Non è escluso che, se l’invito venisse disatteso e la situazione al palazzo di giustizia di piazza Cacciatori delle Alpi non si sbloccasse, potrebbero essere presi provvedimenti sino al commissariamento.
La nuova bufera che ha travolto la giustizia varesina dopo l’esposto presentato dalle Rsu contro il presidente Piglionica e l’apertura (quale atto dovuto) di un’indagine da parte della procura di Brescia aggrava, se possibile, la già disastrosa situazione sul fronte della mancanza d’organico tra il personale amministrativo da mesi denunciata con fermezza e che rischia di paralizzare l’attività del palazzo di giustizia.
«Noi non sapevamo nulla – spiega, presidente dell’ordine degli avvocati di Varese – Queste persone lavorano qui da anni. Si sapeva soltanto di una convenzione tra il tribunale e delle società private ma certo non ne conoscevamo i termini».
L’ipotesi che con l’esposto si chiede all’autorità giudiziaria di verificare è quella dell’utilizzo “illegittimo” di almeno sei lavoratori.
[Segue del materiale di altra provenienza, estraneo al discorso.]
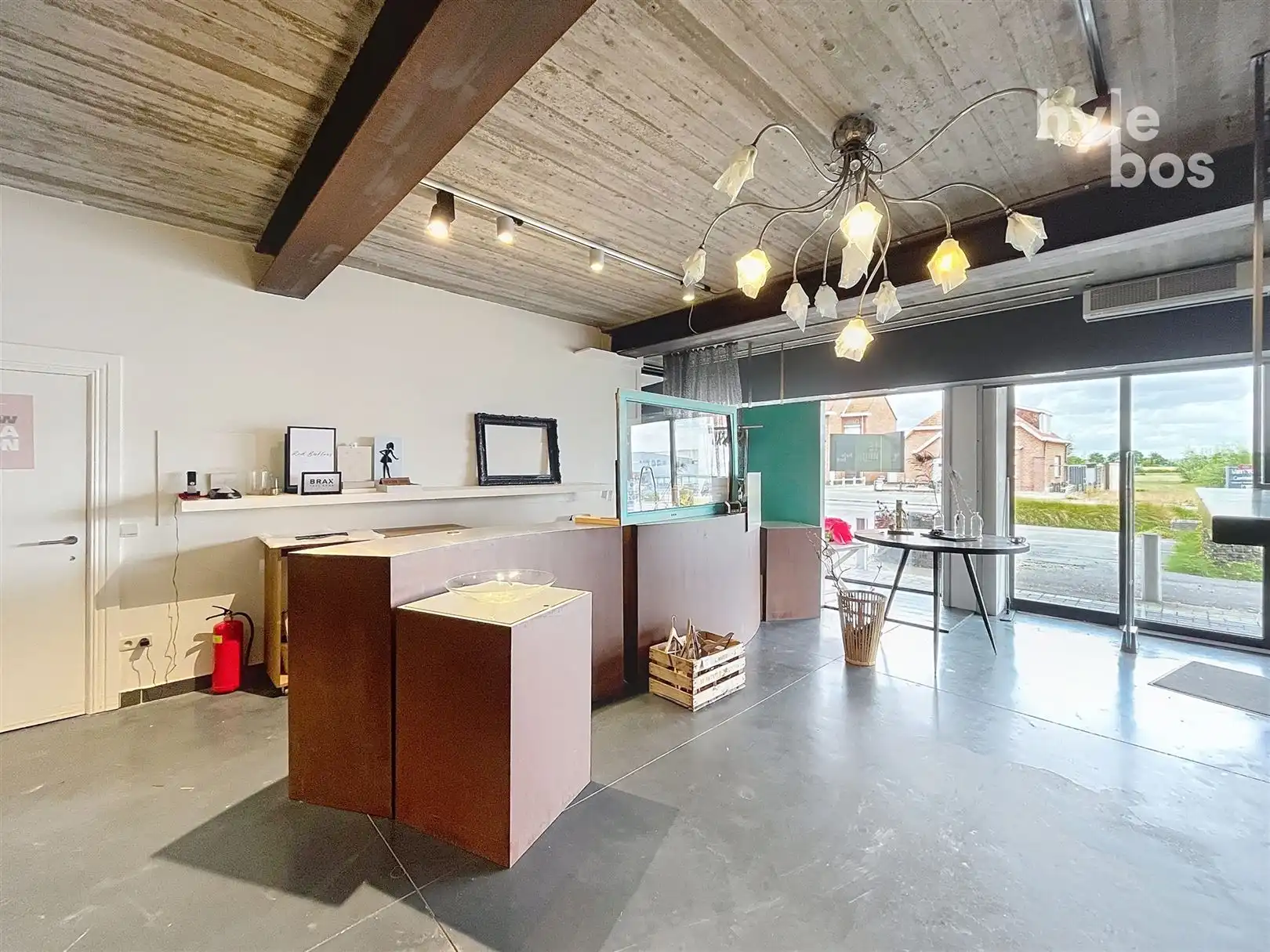 Commercieel pand - UNIEKE PRIJS foto 6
Pagati da una società privata per gestire la pubblicità delle aste fallimentari, ma di fatto, negli anni (almeno gli ultimi sei) utilizzati nelle cancellerie senza essere sottoposti al vincolo del segreto istruttorio e con accesso a informazioni sensibili che, potenzialmente, avrebbero potuto far uscire da quegli uffici.
«Svolgevano il lavoro dei ministeriali – spiegano le Rsu – senza aver mai preso parte a un concorso o aver fatto giuramento».
«In quegli uffici – precisa Martelli – non si sono mai registrati problemi particolari. E queste persone lavoravano andando a supplire carenze che altrimenti sarebbero diventate pesantissime. L’indagine chiarirà l’accaduto. Come principio base vale sempre quello di seguire le regole. Ma senza l’apporto di privati il nostro sistema giudiziario si paralizzerebbe. E davvero qui a Varese potremmo anche chiudere e andare a fare altro».
Il clima ieri mattina era comprensibilmente teso negli uffici. Resta da capire perché se questa situazione era nota da anni l’esposto è stato presentato soltanto negli ultimi mesi e perché un’azienda privata dovrebbe pagare i propri dipendenti per svolgere un lavoro per altro ente.